In [1]:
import numpy as np
import matplotlib.pyplot as plt
import matplotlib as mpl
import seaborn as sns
import pymc as pm
import arviz as az

In [None]:
# set seabron style and matplotlib parameters for very nice plots
sns.set_style('whitegrid')
mpl.rcParams['xtick.labelsize'] = 14
mpl.rcParams['ytick.labelsize'] = 14
mpl.rcParams['legend.title_fontsize'] = 14
mpl.rcParams['legend.fontsize'] = 12
mpl.rcParams['axes.labelsize'] = 16
mpl.rcParams['figure.figsize'] = [10,6]

# Bayesian model for inferring the mean of a dataset
This notebook introduces Bayesian inference with PyMC by taking the example of inferring the mean of a self-generated data set.
## Generate some data
First, we need some data. We can simply sample from a Normal distribution, because most things in psychology follow a Normal distribution. From these samples we want to infer the mean and the standard deviation. As we generated the data, we know the 'true' values of $\mu$ and $\sigma$ and can compare it with our inferred results. 

In [None]:
# initialize random number generator (rng) of NumPy
rng = np.random.default_rng()

# sample data from Normal distribution
n = 1000 # number of data points
muTrue = 0 # mean of the normal distribution
sdTrue = 1 # standard deviation of the normal distribtion
data = rng.normal(muTrue, sdTrue, n) # sample random data

We can plot our samples as histogram and add the empirical mean and standard deviation:

In [None]:
# plot histogram with empirical mean and sd
plt.hist(data, bins=30, density=True)
plt.vlines(data.mean(), 0, 1, colors='#d28140', label=f'$M$ = {data.mean().round(2)}')
plt.vlines([data.mean()-data.std(), data.mean()+data.std()], 0, 1, colors='#e6cdae', 
            label=f'$SD$ = {data.std().round(2)}')

plt.legend()
plt.show()

## Bayesian Workflow
The process of Bayesian modeling can be divided into three steps, also sometimes called Bayesian workflow:
1. <b>Design the model</b> based on the assumptions and how your data could have been generated.
2. <b>Bayesian inference</b> using Bayes' theorem to get the posterior distribution.
3. <b>Model checks</b> according to different criteria (e.g. convergence checks, expertise).

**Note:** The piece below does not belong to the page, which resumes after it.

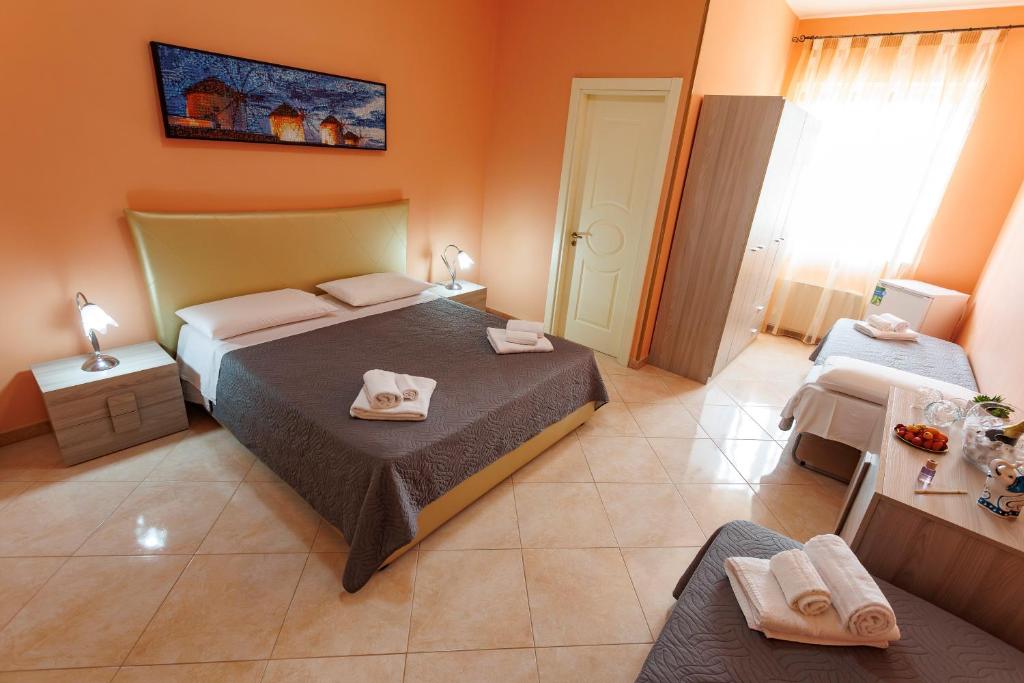 Postel nebo postele na pokoji v ubytování Petra Leccese - Art & Luxury Design B&B with Pool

The first part is the most important and hardest part. Because you have to determine the relations between your parameters and variables, select appropriate probability distributions, and set the priors. The second part is solved by our probabilistic programming language (i.e. PyMC or any other PPL). The last part is also important, because we only have an approximation of the real posterior, and the checks try to ensure that we can trust our results.


# Design the model
One possible approach is to start with the data (i.e. dependent variable) and select the probability distribution that describes the data. Normally each probability distribution is defined by parameters (e.g. Normal: $\mu$ and $\sigma$) and as next step we have to define how these parameters are modeled. One possibility is to infer these parameters and select a probability distribution for each parameter again. Again these distributions have parameters, but now we can set these parameters to specific values. This would define our <font color=#8f3985><b>prior</b></font> and Bayesian inference infers a posterior for these. The other possibility would be that the parameters are defined by other variables and parameters. Here we would have to add these to our model too.

### <font color=#D28140><u>Exercise:</u></font>
How could the model for inferring the mean and standard deviation look like?

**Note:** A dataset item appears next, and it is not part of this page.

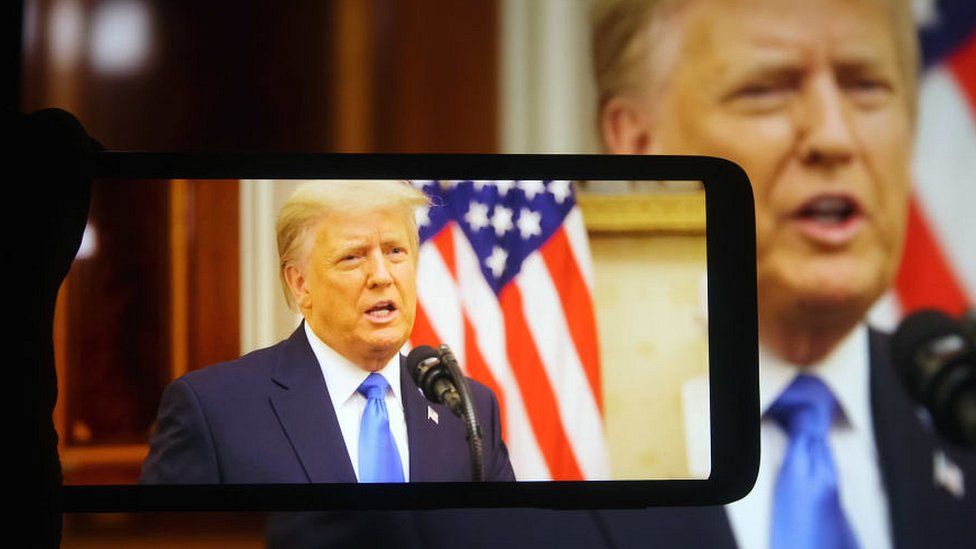 Изображение выступающего президента Трампа на мобильном телефоне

### Implement Bayesian models with PyMC
Now we have to translate our designed model into a PyMC model.

For model definitions in PyMC we can use a so-called <b>context manager</b>:

<code><b>with</b> pm.Model() <b>as</b> modelName:
    <i>code</i></code>
    
to collect all information (i.e. prior and likelihood) about our model. (Otherwise we have to link each variable to the model.)

We can define a parameter and the corresponding distribution with:

<code>parameter = pm.Distribution('parameterName', parameters of the distribution)</code>, e.g.

<code>mu = pm.Normal('mu', mu=0, sigma=1)</code>

For the <font color=#8f3985><b>Likelihood</b></font> we have to tell PyMC, that we observed data for this particular distribution, so we have to add <code>observed=data</code> after the parameter definitions, e.g. <code>pm.Normal(..., <b>observed=data</b>)</code>

### <font color=#D28140><u>Exercise:</u></font>
Implement the model for inferring the mean and standard deviation in PyMC. You can check yor model by just typing the name of the model in a code cell. (You can also print the model as graphical model with the graphviz package and <code>pm.model_graph.model_to_graphviz(model=modelName)</code>. You can install graphviz with <code>conda install -c conda-forge python-graphviz</code>.) 

## Prior Predictive Checks
As last check before we start our sampling or inference we can look at our <font color=#8f3985><b>prior predictive distribution</b></font>. This is the distribution of the data we expect according to our defined model and priors, before actually seeing any observed data. The process of sampling from the prior predictive distribution is called <font color=#8f3985><b>prior predictive checks</b></font>.

We can sample from the prior predictive distribution with <code>pm.sample_prior_predictive(model=modelName)</code> and then plot a histogram (or go for a KDE). For more complex cognitive models this step becomes really important and helpful. You can also look at the samples from priors. This can be helpful for priors that are created from other priors.

In [None]:
priorPredictive = pm.sample_prior_predictive(model=meanModel)

In [None]:
priorPredictive

You can access samples with: <code>az.extract(inferenceData, group, var_names)</code>. Some extracted data has more than one dimension and you have to convert it into a vector to plot a histogram. You can do this by adding <code>to_numpy().flatten()</code>.

In [None]:
plt.figure()
plt.hist(az.extract(priorPredictive, group='prior', var_names='mu'), bins=100, density=True)
plt.title(f'Prior Predictive Distribution of $\mu$')
plt.show()

plt.figure()
plt.hist(az.extract(priorPredictive, group='prior', var_names='sd'), bins=100, density=True)
plt.title(f'Prior Predictive Distribution of $\sigma$')
plt.show()

plt.figure()
plt.hist(az.extract(priorPredictive, group='prior_predictive', var_names='Y').to_numpy().flatten(), bins=100, density=True)
plt.title(f'Prior Predictive Distribution of $Y$')
plt.show()

### <font color=#D28140><u>Exercise:</u></font>
Modify the priors and have a look how it changes the prior predictive distributions. Guess how it will change before plotting.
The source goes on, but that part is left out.